QUILLIVANT XR also contains the following inactive ingredients: sodium polystyrene sulfonate, povidone, triacetin, polyvinyl acetate, sucrose, anhydrous trisodium citrate, anhydrous citric acid, sodium benzoate, sucralose, poloxamer 188, corn starch, xanthan gum, talc, banana flavor, and silicon dioxide.
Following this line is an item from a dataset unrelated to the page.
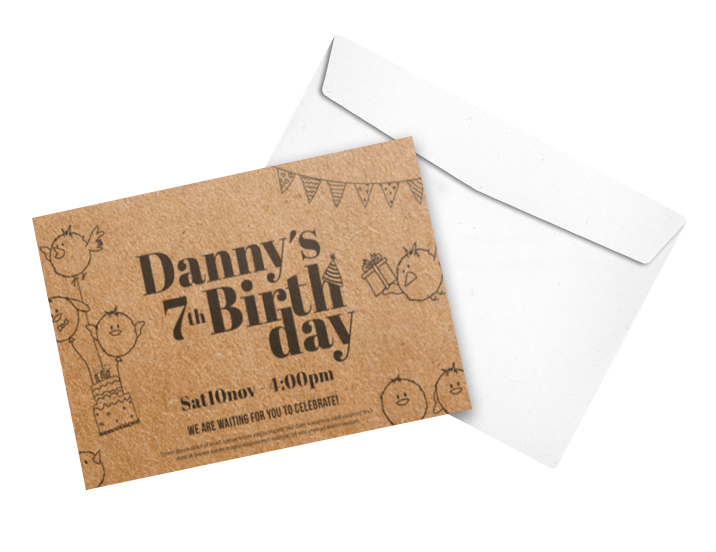 Invitations / Announcements - 18pt Kraft Paper - product view 1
The efficacy of QUILLIVANT XR was evaluated in a laboratory classroom study conducted in 45 pediatric patients (ages 6 to 12 years) with ADHD. Patients in the trial met Diagnostic and Statistical Manual of Mental Diseases, 4th edition (DSM-IV®) criteria for ADHD. The study began with an open-label dose optimization period (4 to 6 weeks) with an initial QUILLIVANT XR dose of 20 mg once daily in the morning. The dose could be titrated weekly in increments of 10 or 20 mg until a therapeutic dose or the maximum dose of 60 mg/day was reached. At the end of the dose optimization period, approximately 5% of subjects were receiving 20 mg/day; 39%, 30 mg/day; 31%, 40 mg/day; 10%, 50 mg/day; and 15%, 60 mg/day. Subjects then entered a 2-week randomized, double-blind, crossover treatment with the individually optimized dose of QUILLIVANT XR or placebo. At the end of each week, school teachers and raters evaluated the attention and behavior of the subjects in a laboratory classroom using the Swanson, Kotkin, Agler, M-Flynn, and Pelham (SKAMP) rating scale. The primary efficacy endpoint was the SKAMP-Combined score at 4 hours post-dosing. The key secondary efficacy endpoints were the SKAMP-Combined scores at 0.75, 2, 8, 10, and 12 hours post-dosing.
Results from the first double-blind, placebo-controlled week of the study are summarized in Figure 3. SKAMP-Combined scores were statistically significantly lower (improved) at all time points (0.75, 2, 4, 8, 10, 12 hours) post-dosing with QUILLIVANT XR compared to placebo.